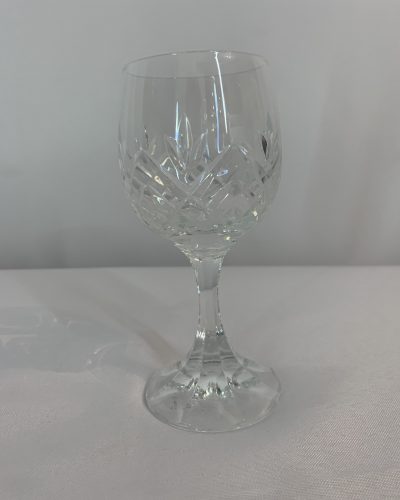 Crystal Detailed Wine Glass 2
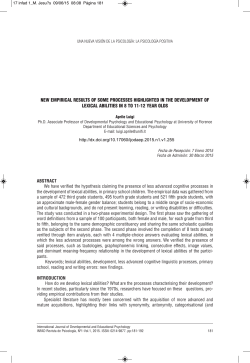 New empirical results of some processes highlighted in
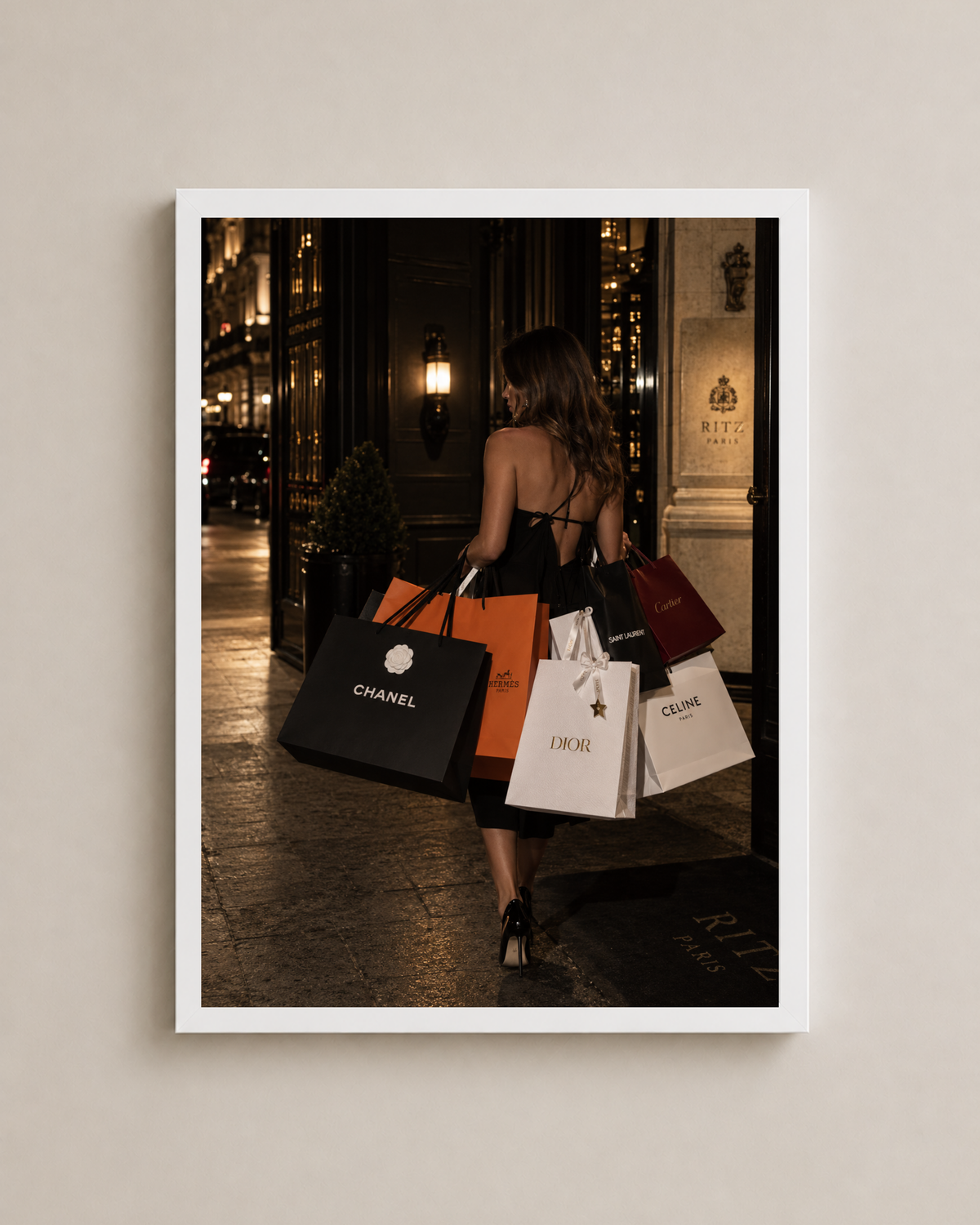 Reina In Europe Frame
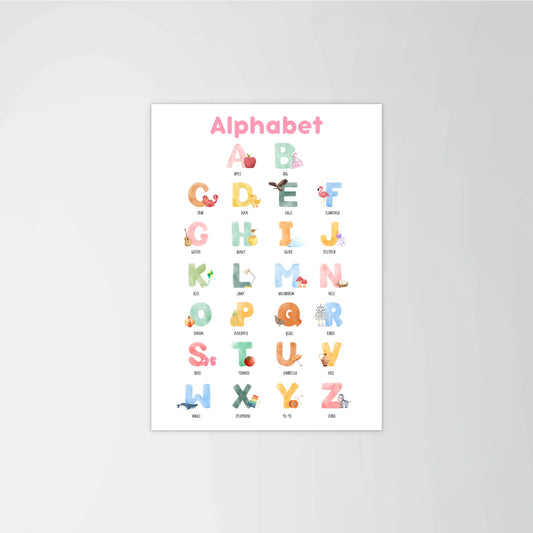 Alphabet Print
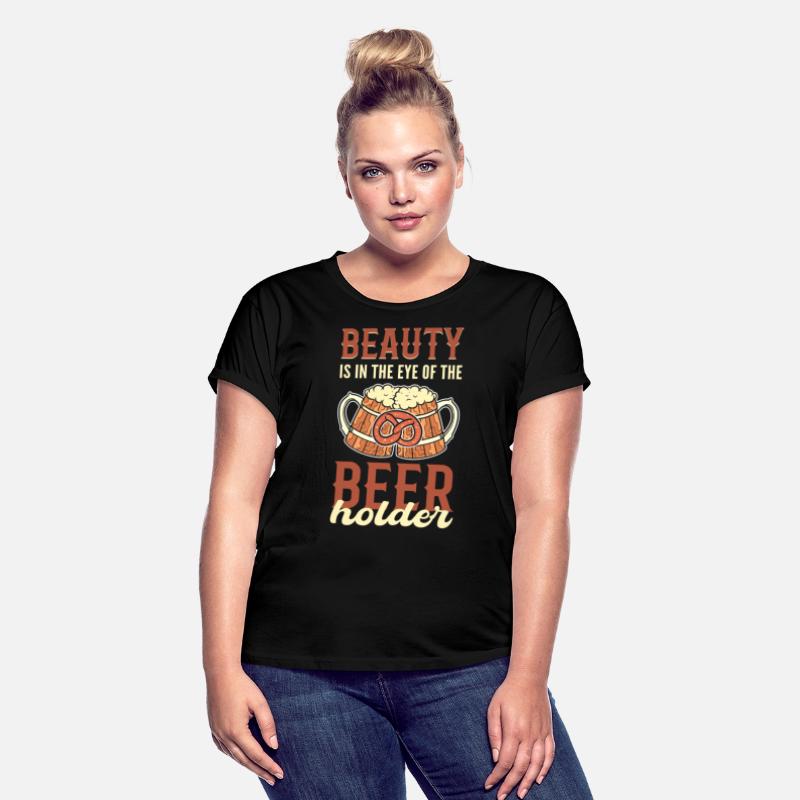 Beauty Is in the Eye of the Beer Holder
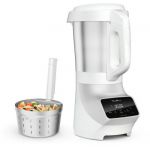 Moulinex Soup & Plus LM926B00 Blanc 2L - Blender chauffant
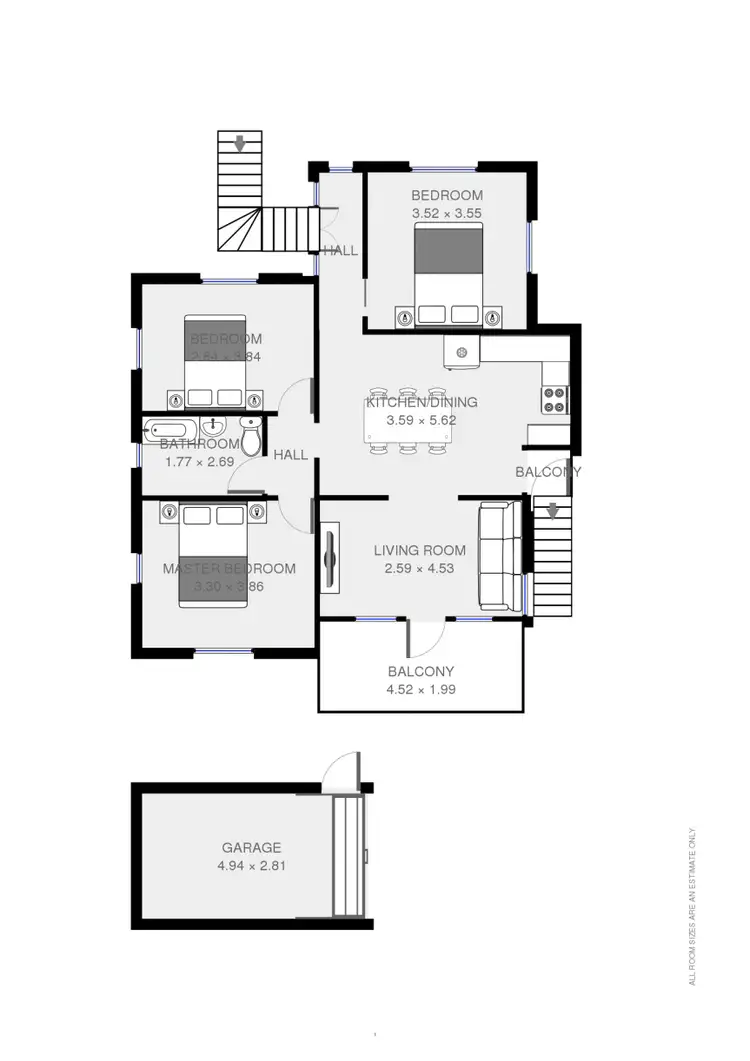 Floorplan of Homely house listing, 136 Main Street, Lowood QLD 4311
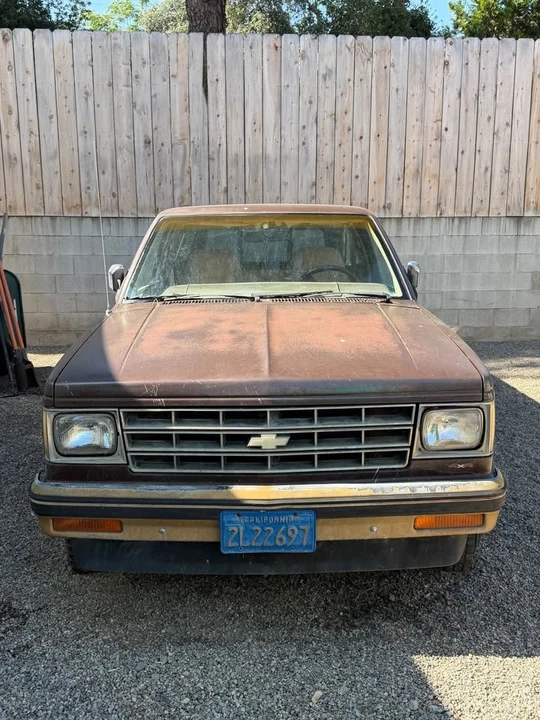 1984 Chevrolet S-10 - Image 2 of 11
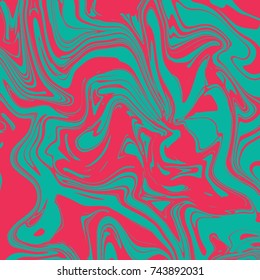 Liquid marble texture design, colorful marbling surface, vibrant abstract paint design, vector illustration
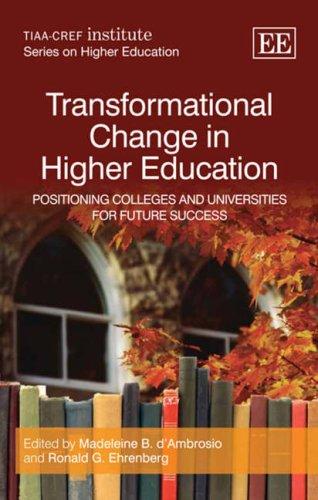 Transformational Change in Higher Education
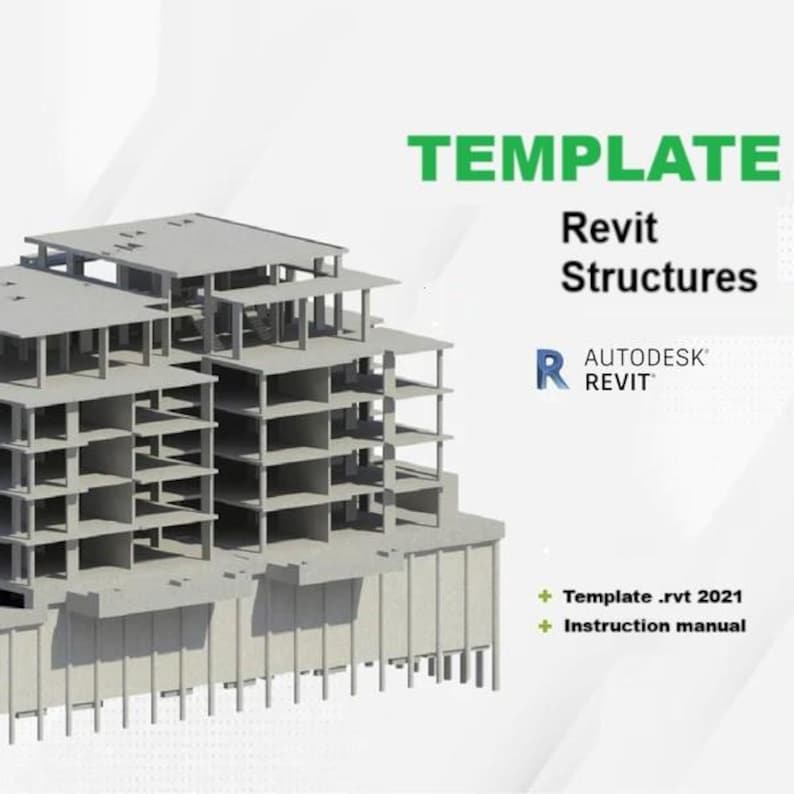Revit Structure Template for Efficient Structural Design - Etsy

━━━━━━

— TO DO —
Every entry, exactly as written: transcribe it, passing over any pictures.

— RESPONSE TO THIS EXERCISE —
 Crystal Detailed Wine Glass 2
 New empirical results of some processes highlighted in
 Reina In Europe Frame
 Alphabet Print
 Beauty Is in the Eye of the Beer Holder
 Moulinex Soup & Plus LM926B00 Blanc 2L - Blender chauffant
 Floorplan of Homely house listing, 136 Main Street, Lowood QLD 4311
 1984 Chevrolet S-10 - Image 2 of 11
 Liquid marble texture design, colorful marbling surface, vibrant abstract paint design, vector illustration
 Transformational Change in Higher Education
Revit Structure Template for Efficient Structural Design - Etsy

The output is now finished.